A data pipeline is a system that moves and transforms data from source systems to target systems in a reliable, automated way.

🧠 If processing is the engine, pipelines are the assembly line of data engineering.


🎯 Why Data Pipelines Matter

In real companies, data does not sit still.

It continuously flows through systems:

  • User actions
  • Transactions
  • Logs
  • Events
  • External APIs

Pipelines ensure this data becomes usable.


🧭 What is a Data Pipeline?

A data pipeline is a sequence of steps:

  1. Extract data from source
  2. Transform data
  3. Load into destination

This is called ETL (Extract → Transform → Load)

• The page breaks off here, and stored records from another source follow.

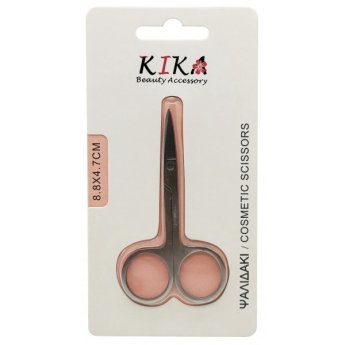 1265-21 KIKA BEAUTY ACCESSORY ΨΑΛΙΔΑΚΙ ΝΥΧΙΩΝ ΜΕ ΙΣΙΑ ΜΥΤΗ 8.8X4.7CM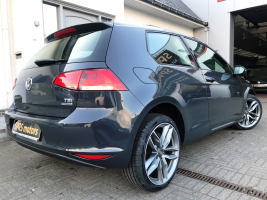 VOLKSWAGEN GOLF 7 1,2TSI BENZINE  04/06/2013  SLECHTS 74804 KM GEKEURD + GARANTIE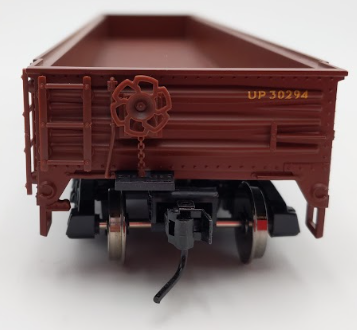 Atlas 0679-1 O Scale Union Pacific 52'6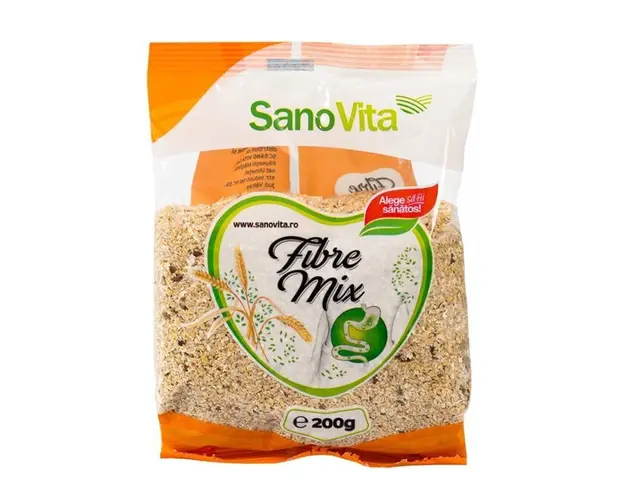 Fibre Mix 200g - SANOVITA
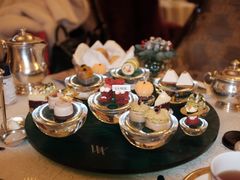 -Salon de Ville浦江汇(上海外滩华尔道夫酒店店)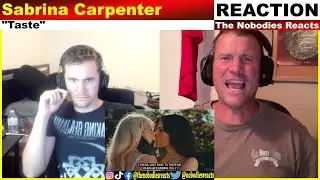REACTION to Sabrina Carpenter 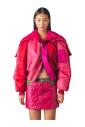 colorful-shearling-collar-cropped-jacket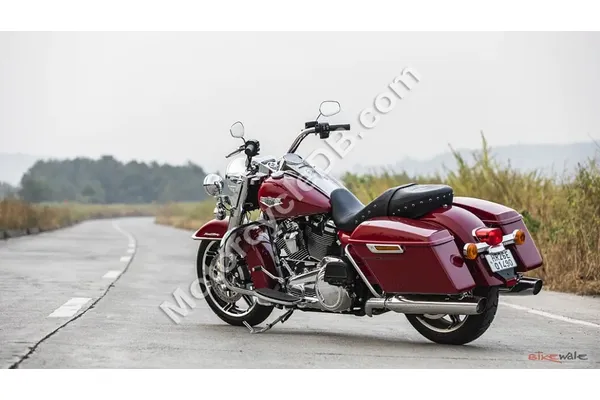 2021 Harley-Davidson Road King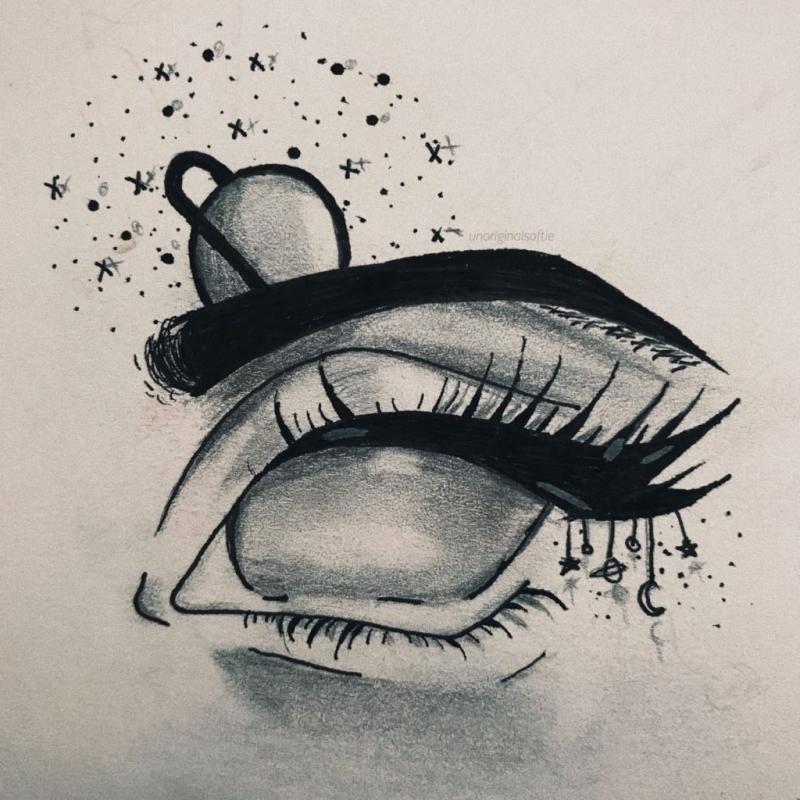 Простые рисунки для срисовки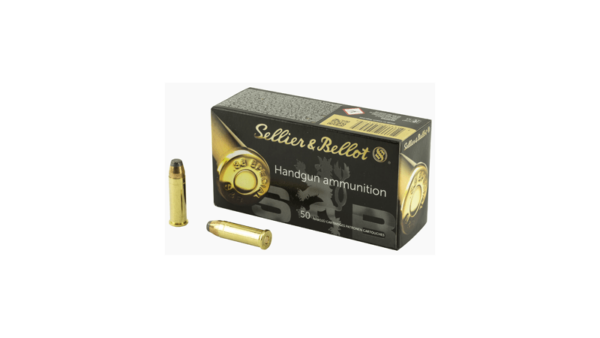 S&B 38SPL 158GR SP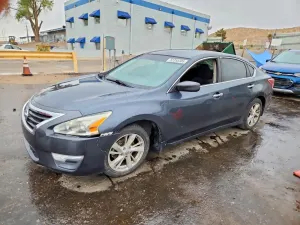 Nissan Altima 2.5L 4 2013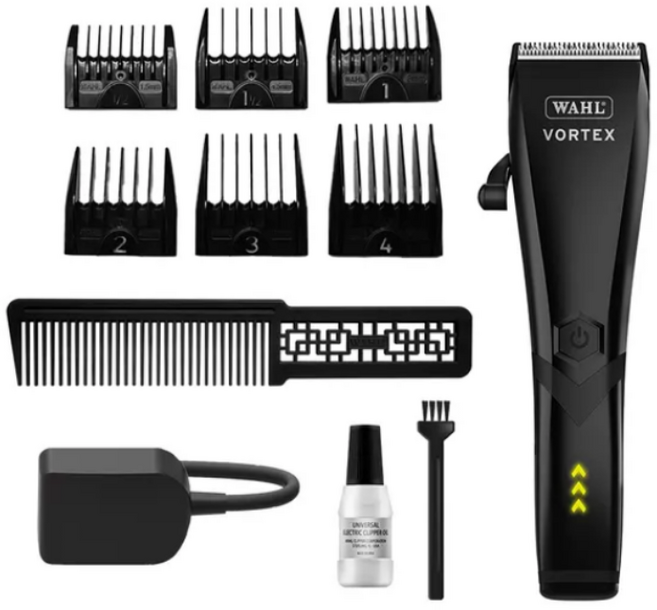 WAHL 왈 코리아 정품 이발기 보텍스 클리퍼 미용실 셀프 바리깡, 보텍스/2211L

⚙️ Data Pipeline Architecture

Sources → Ingestion → Processing → Storage → Consumption

Breakdown:

  • Sources → Apps, DBs, APIs
  • Ingestion → Kafka, CDC, Batch pulls
  • Processing → Spark, Flink, SQL
  • Storage → Data Lake / Warehouse
  • Consumption → BI dashboards, ML models

🔄 Types of Data Pipelines


1. Batch Pipelines

Data is processed in chunks at intervals.

Example:

  • Daily sales report
  • Hourly log processing

✔ Simple
✔ Scalable
❌ Not real-time


2. Streaming Pipelines

Data is processed continuously.

Example:

  • Fraud detection
  • Real-time dashboards

✔ Low latency
✔ Real-time insights
❌ Complex


⚙️ ETL vs ELT


ETL (Extract → Transform → Load)

  • Data is transformed before storing
  • Used in traditional systems

✔ Clean data at destination
❌ Less flexible


ELT (Extract → Load → Transform)

  • Data is loaded first, transformed later
  • Used in modern cloud systems

✔ Flexible
✔ Scalable
❌ Requires strong storage layer


🧠 Key Pipeline Concepts


1. Orchestration

Pipelines are managed using tools like:

  • Airflow
  • Dagster
  • Prefect

They handle:

  • Scheduling
  • Dependencies
  • Retry logic
  • Monitoring

2. Idempotency

A pipeline should be safe to re-run:

Same input → same output (no duplicates)


3. Data Quality

Important checks:

  • Schema validation
  • Null checks
  • Deduplication
  • Freshness checks

4. Late Arriving Data

Data may arrive late due to:

  • Network delays
  • System failures
  • Event backlogs

Pipelines must handle this gracefully.


5. Backfilling

Reprocessing historical data when:

  • Bugs are fixed
  • Logic changes
  • Data gaps are found

🚨 Common Pipeline Failures

  • Job failures
  • Partial writes
  • Duplicate ingestion
  • Schema drift
  • Delayed upstream data

🔗 How This Connects

  • Data Modeling → defines structure
  • Storage → holds data
  • Processing → transforms data
  • Pipelines → move + orchestrate data
  • System Design → builds full architecture

🎯 Goal of Data Pipelines

You should be able to:

  • Design ETL/ELT workflows
  • Handle batch + streaming systems
  • Explain orchestration tools
  • Solve real production issues
  • Build scalable data workflows

“A pipeline is not just data movement — it is the reliability layer of modern data systems.”